EXERCISE AIM:
Please set down exactly the lines from the one containing "Handgewebte Kissenhülle Wool" through the last line of the records below, both included, with no pictures.

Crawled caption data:
################
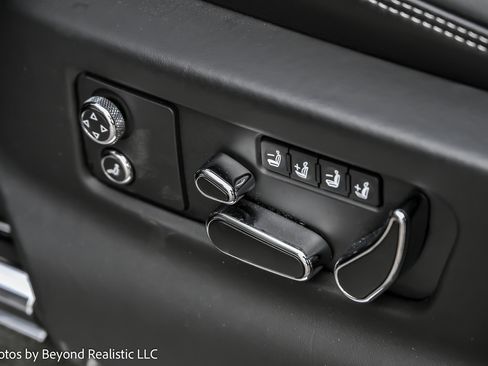 Used 2023 Bentley Bentayga Plug-In Hybrid image 32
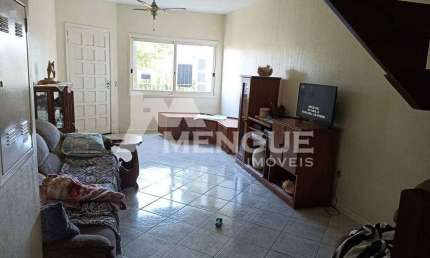 Casa com 3 quartos à venda na Rua Santo Camaratta Santino, 186, Parque Santa Fé, Porto Alegre por R$ 370.000
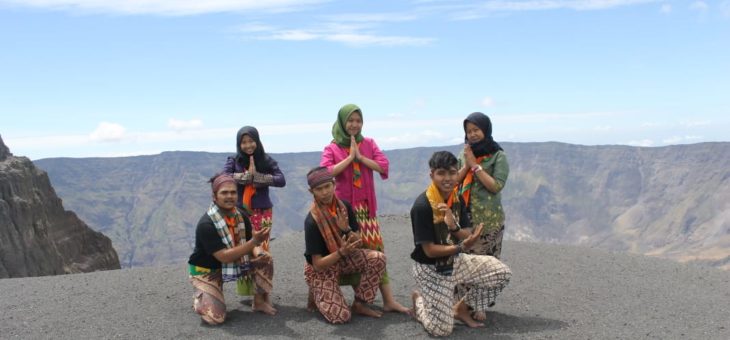 Menari Di Atas Kaldera Terbesar Dunia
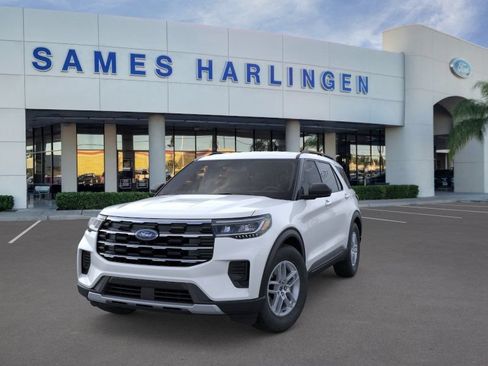 New 2026 Ford Explorer Active RWD image 2
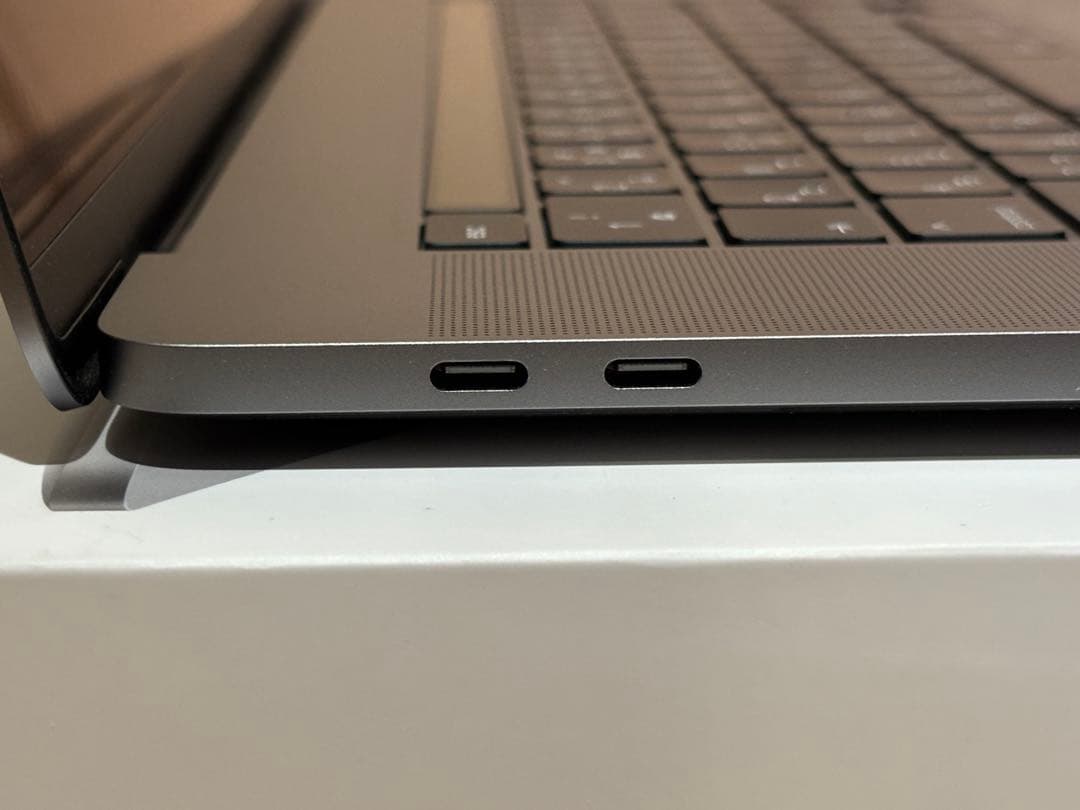 MacBook本体 MacBook Pro 16 i7 32GB 1TB GPU 5500M 8G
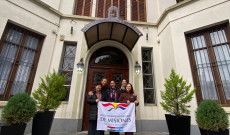 Misionesi táncosokaz Uruguayi Magyar Otthon előtt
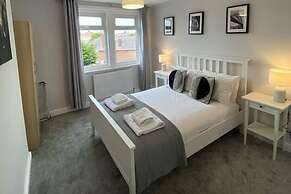 Flat - Sleeps 4 - Pet Friendly - Parking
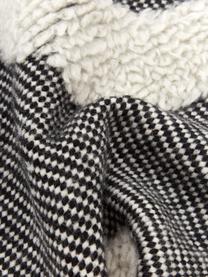Handgewebte Kissenhülle Wool in Schwarz/Cremeweiß, Vorderseite: 89% Wolle, 11% Baumwolle, Rückseite: 100% Baumwolle, Schwarz, Cremeweiß, B 45 x L 45 cm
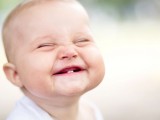Un coeficiente emocional (CE) elevado es tan importante como un coeficiente intelectual (CI) elevado - Psicólogos Gran Vía Artículos Bebé feliz y sonriente. Inteligencia emocional. Psicólogos gran Vía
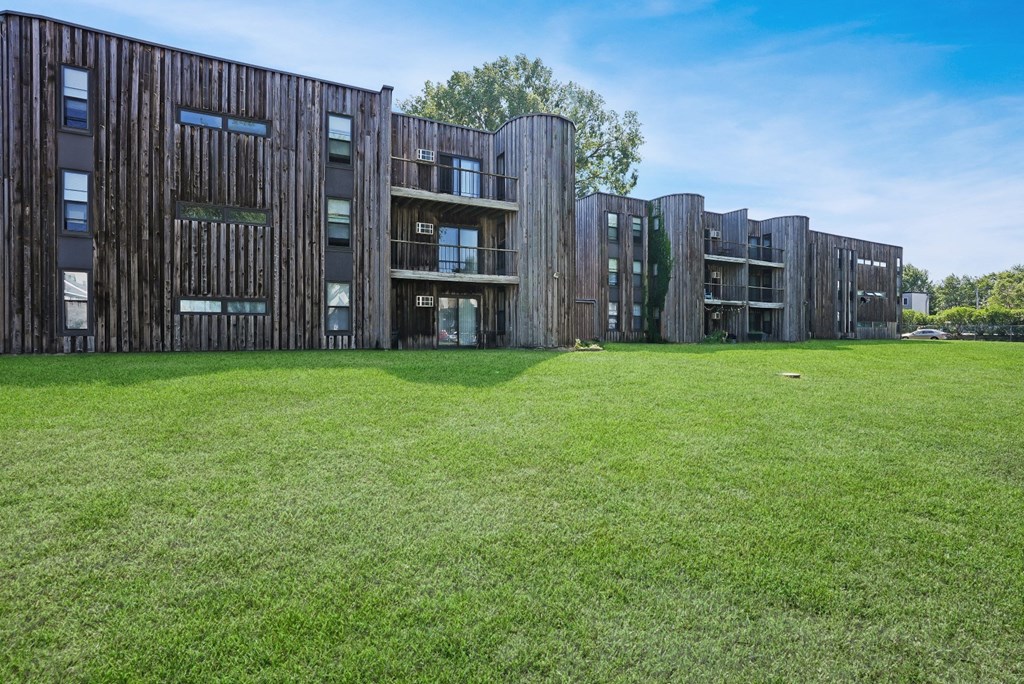 the building in which the apartment is located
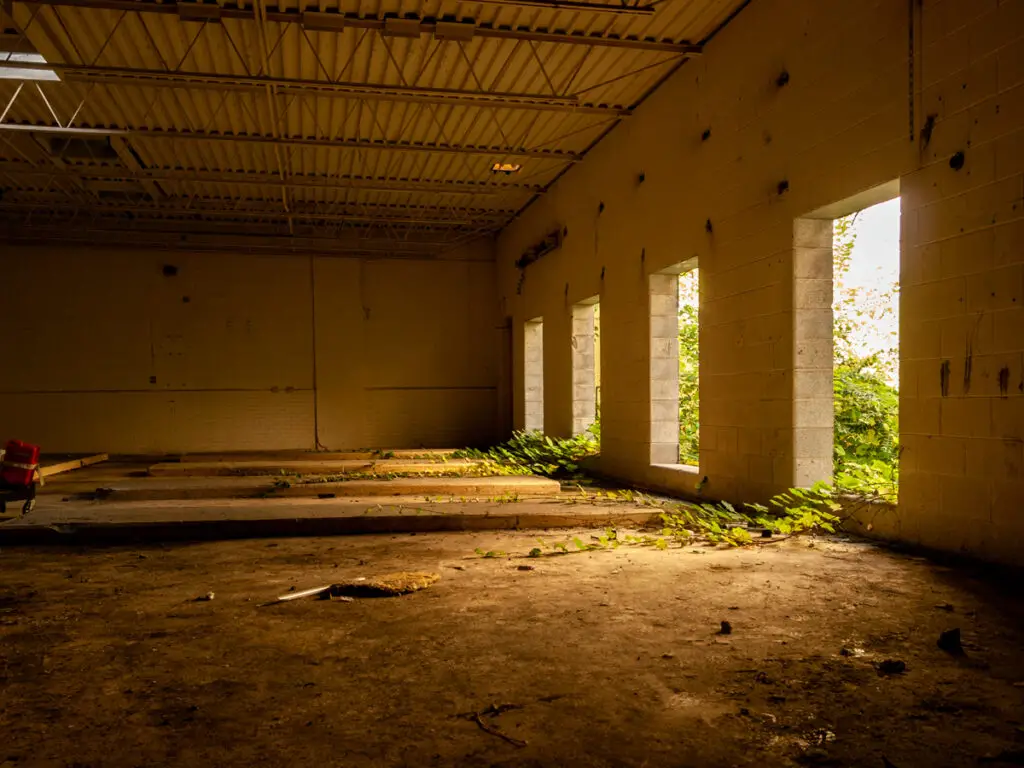 abandoned amc detroit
################
ANSWER SPACE:
Handgewebte Kissenhülle Wool in Schwarz/Cremeweiß, Vorderseite: 89% Wolle, 11% Baumwolle, Rückseite: 100% Baumwolle, Schwarz, Cremeweiß, B 45 x L 45 cm
Un coeficiente emocional (CE) elevado es tan importante como un coeficiente intelectual (CI) elevado - Psicólogos Gran Vía Artículos Bebé feliz y sonriente. Inteligencia emocional. Psicólogos gran Vía
 the building in which the apartment is located
 abandoned amc detroit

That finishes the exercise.